-- Opening Marker --

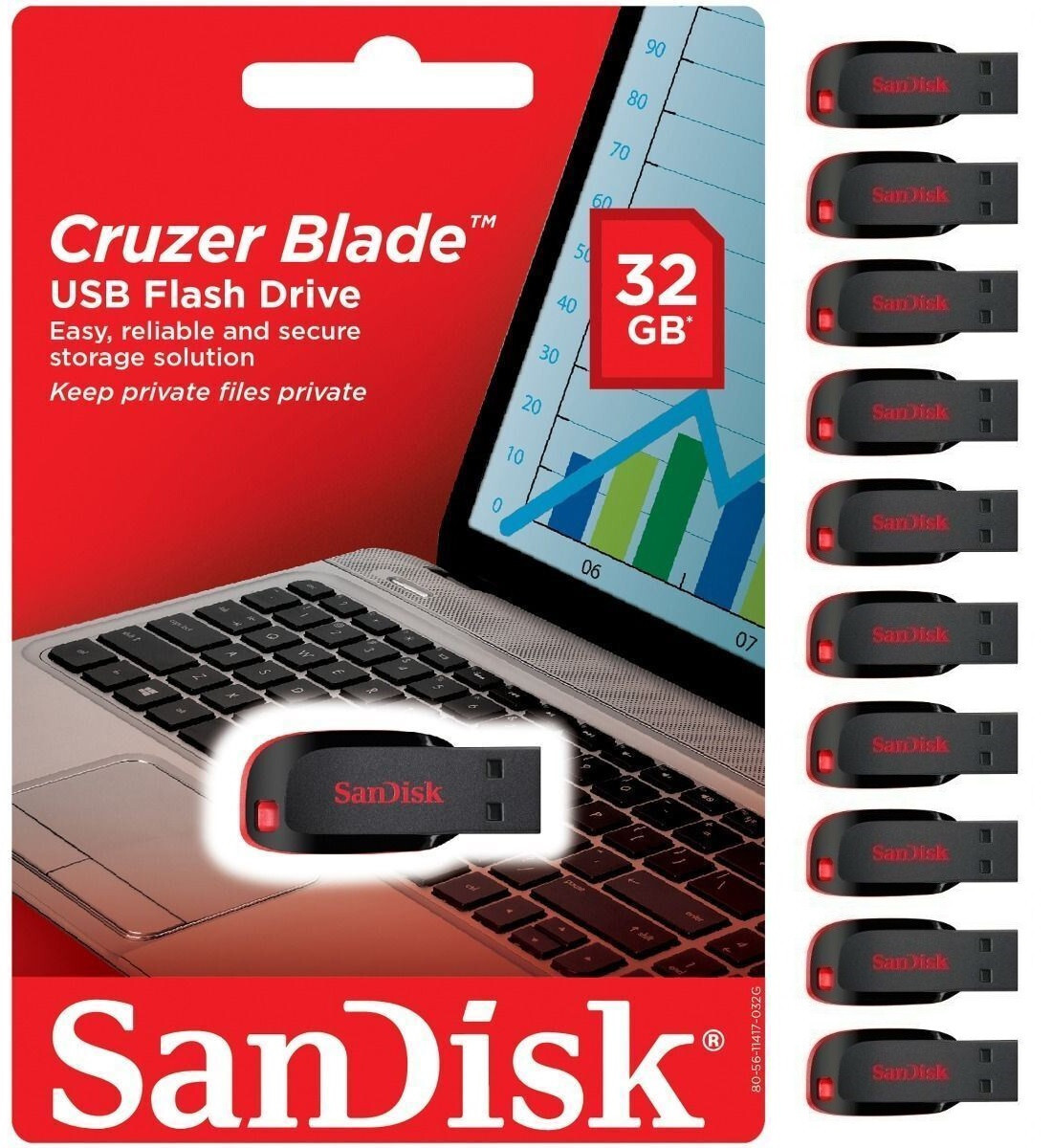 SanDisk Cruzer Blade 32GB USB 2.0 Flash Drive Thumb Drive Memory Stick (10 Pack)
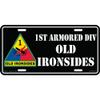 U.S. Army 1st Armored Division License Plate with Frame view 2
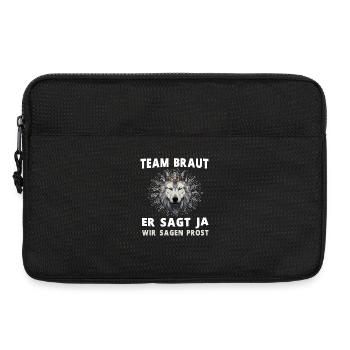 Hochzeit Junggesellenabschied Wolf Bräutigam Braut - Laptoptasche 13" - Schwarz - Vorne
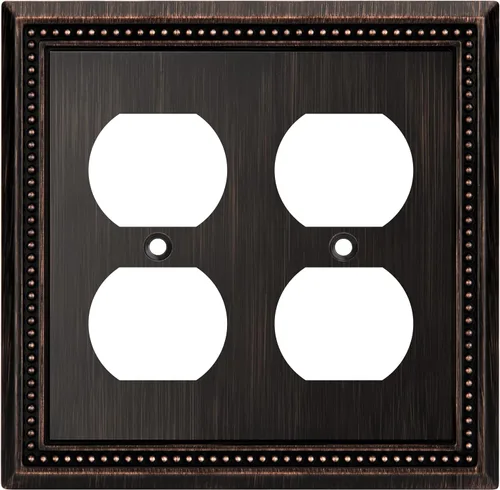 Miniatura 127 de Henne Bery Sunken Pearls - Placa de pared decorativa resistente para interruptor, cubierta para tomacorrientes (doble dúplex, níquel satinado)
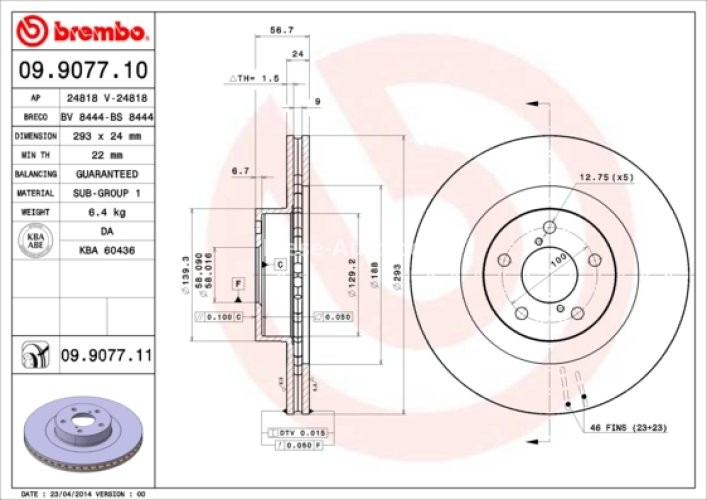 Disc frână BREMBO, față, pentru: SUBARU BRZ, FORESTER, IMPREZA, LEGACY III, LEGACY IV, LEGACY V, OUTBACK, XV 1.6-3.0 03.94-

-- Closing Marker --

**Exercise**: Your answer must be an exact copy of the records, with every picture left out.

**Solution to this problem**:
 SanDisk Cruzer Blade 32GB USB 2.0 Flash Drive Thumb Drive Memory Stick (10 Pack)
 U.S. Army 1st Armored Division License Plate with Frame view 2
 Hochzeit Junggesellenabschied Wolf Bräutigam Braut - Laptoptasche 13" - Schwarz - Vorne
 Miniatura 127 de Henne Bery Sunken Pearls - Placa de pared decorativa resistente para interruptor, cubierta para tomacorrientes (doble dúplex, níquel satinado)
 Disc frână BREMBO, față, pentru: SUBARU BRZ, FORESTER, IMPREZA, LEGACY III, LEGACY IV, LEGACY V, OUTBACK, XV 1.6-3.0 03.94-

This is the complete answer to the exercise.